### What you should do:
Reproduce, word for word, the lines in the material below starting with the one that has "Peugeot 208 Allure" and going on through the one that has "003: EXPRESS v-neck". Leave out all pictures.

### Records for the task:
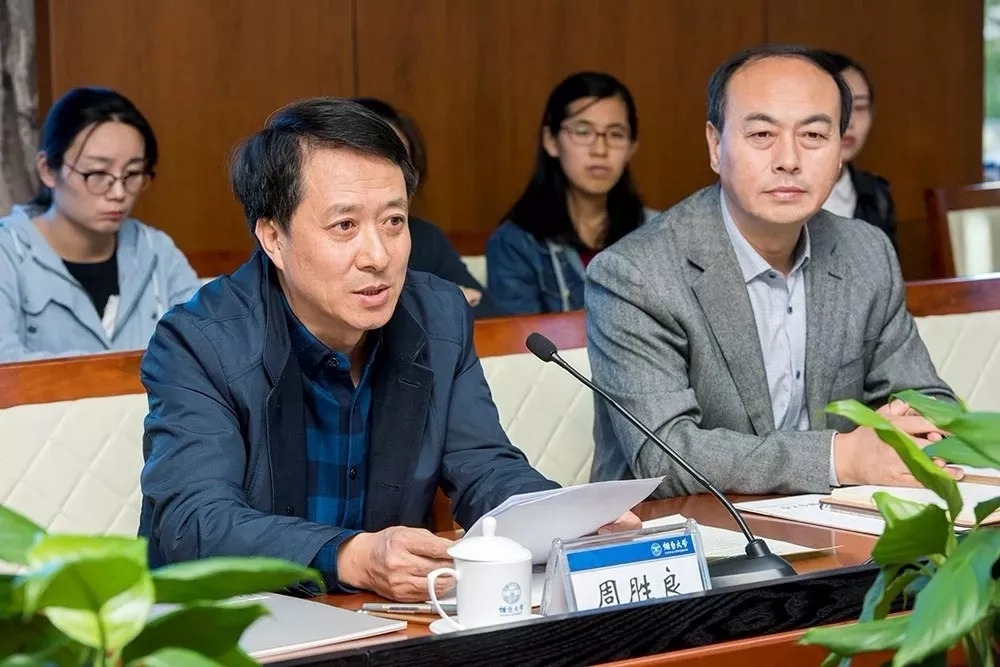 1541379583572025.jpg 640.webp (2).jpg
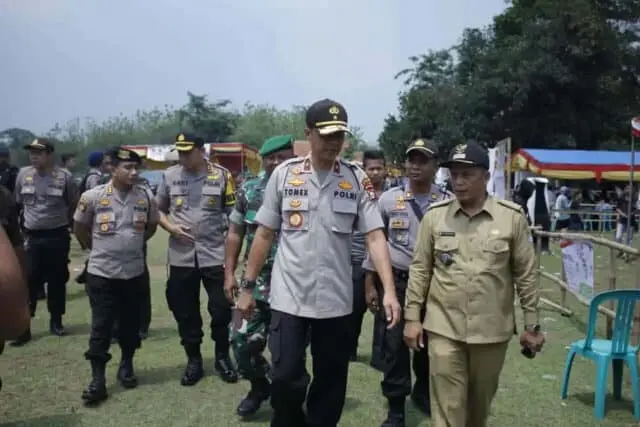 Wakapolda Banten Pastikan Tahap Pungut Suara dan Penghitungan Pilkades Berjalan Kondusif Wakapolda Banten Pastikan Tahap Pungut Suara dan Penghitungan Pilkades Berjalan Kondusif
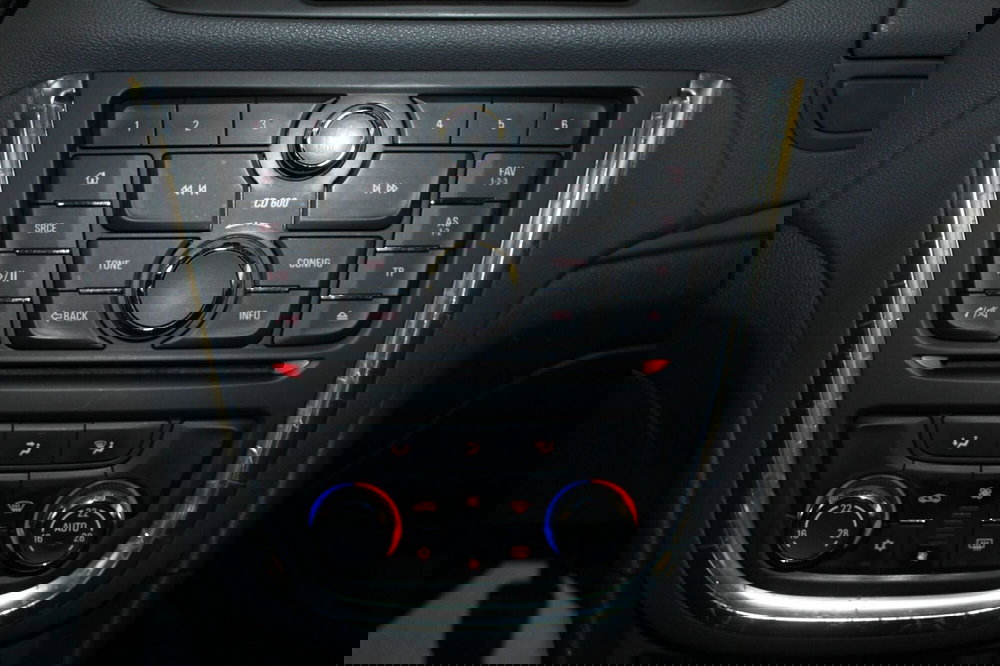 Opel Mokka usata a Cremona (13)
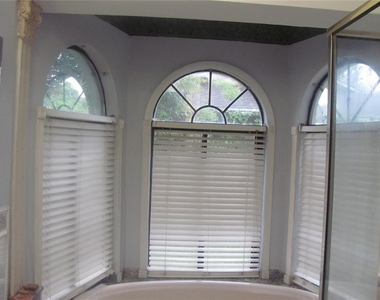 3210 Silkwood Loop - Photo Thumbnail 9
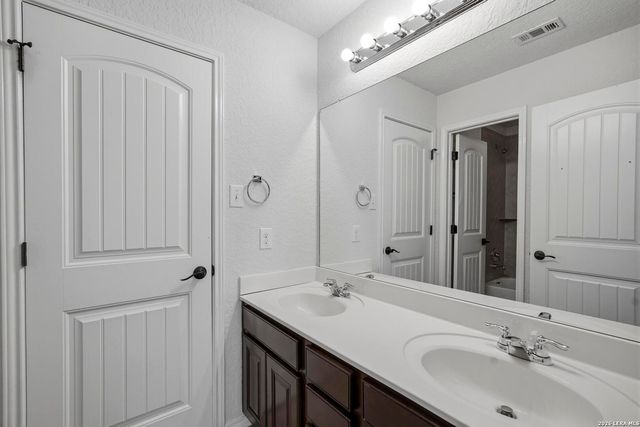 8007 Rustic Chase, Boerne, TX 78015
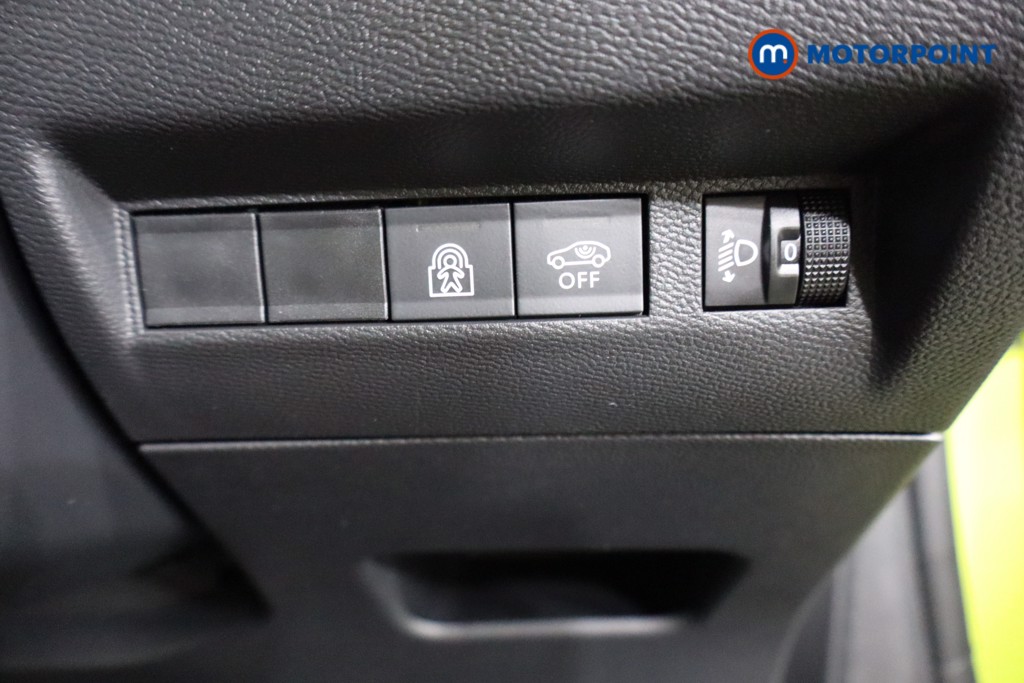 Peugeot 208 Allure Manual Petrol Hatchback - Stock Number (1583128) - 19th supplementary image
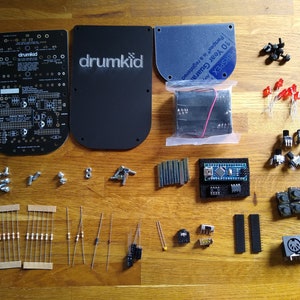 DrumKid DIY kit - lo-fi hackable aleatoric drum machine with MIDI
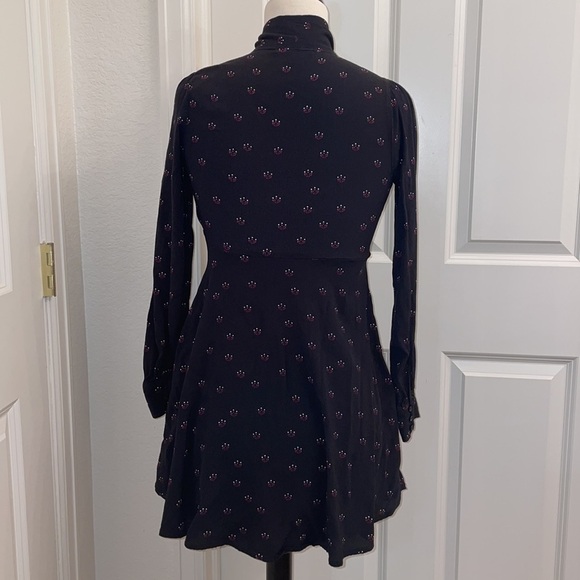 003: EXPRESS v-neck keyhole cutout long sleeve mini dress is women's size XS - Picture 5 of 11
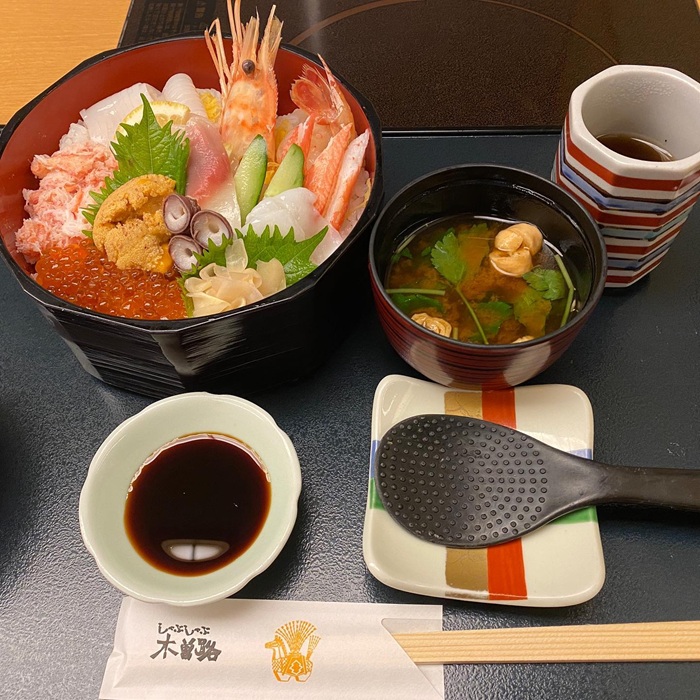 Tô cơm Kaisendon phủ đầy hải sản tươi ngon đặc trưng vùng Hokkaido. ( Nguồn: sekistar8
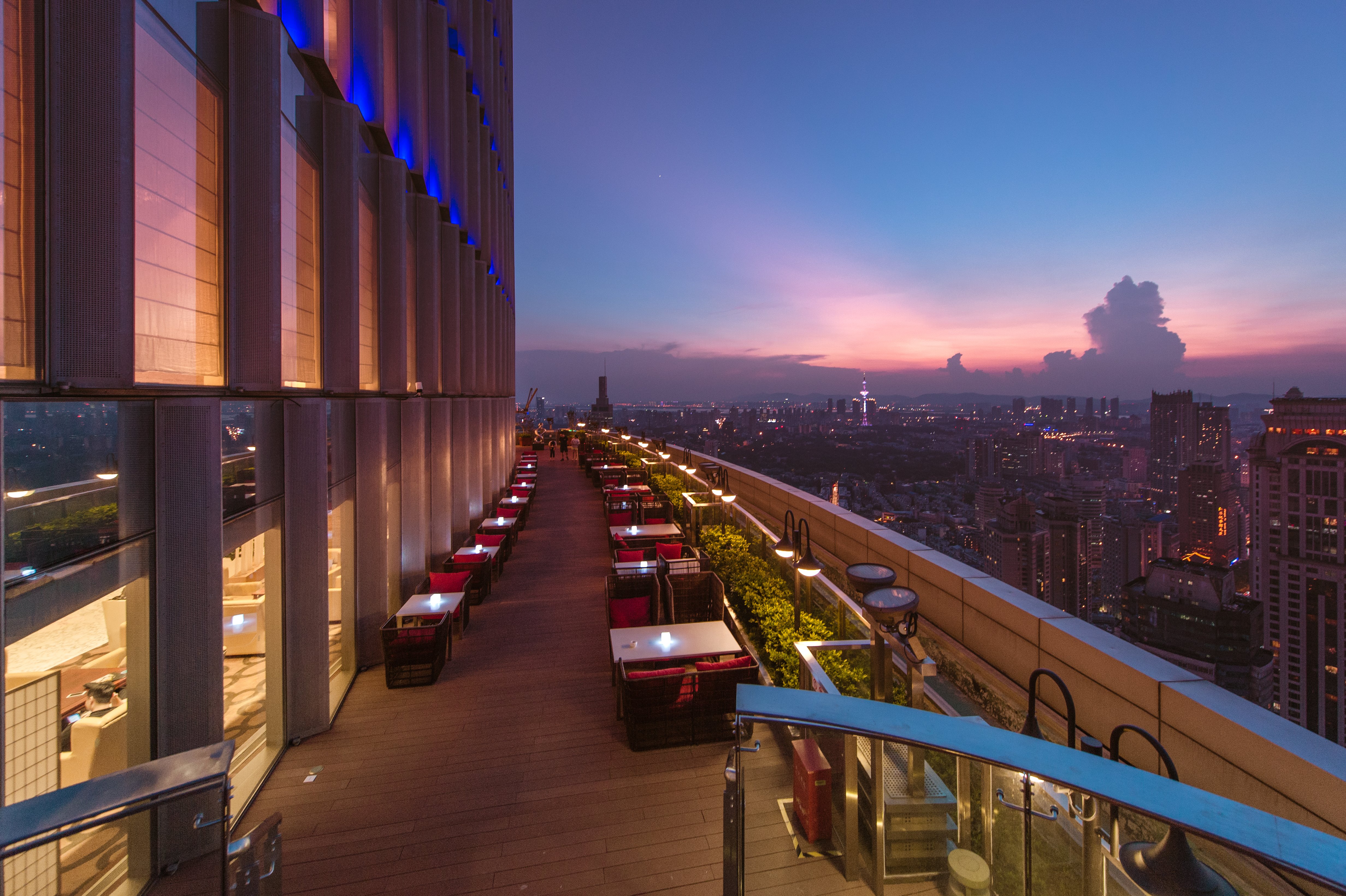 Intercontinental Nanjing 75/78
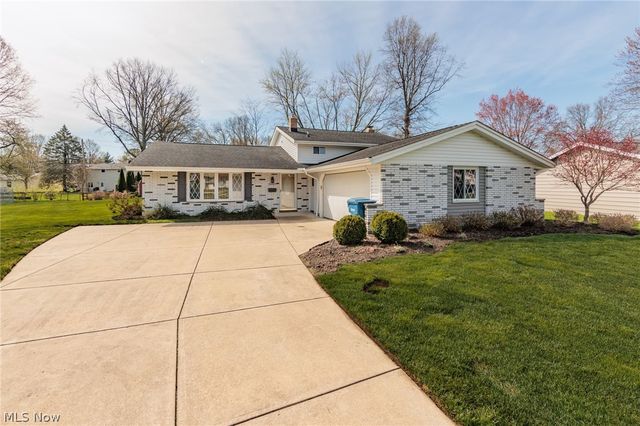 26887 Kingston Cir, North Olmsted, OH 44070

### Task result:
 Peugeot 208 Allure Manual Petrol Hatchback - Stock Number (1583128) - 19th supplementary image
 DrumKid DIY kit - lo-fi hackable aleatoric drum machine with MIDI
 003: EXPRESS v-neck keyhole cutout long sleeve mini dress is women's size XS - Picture 5 of 11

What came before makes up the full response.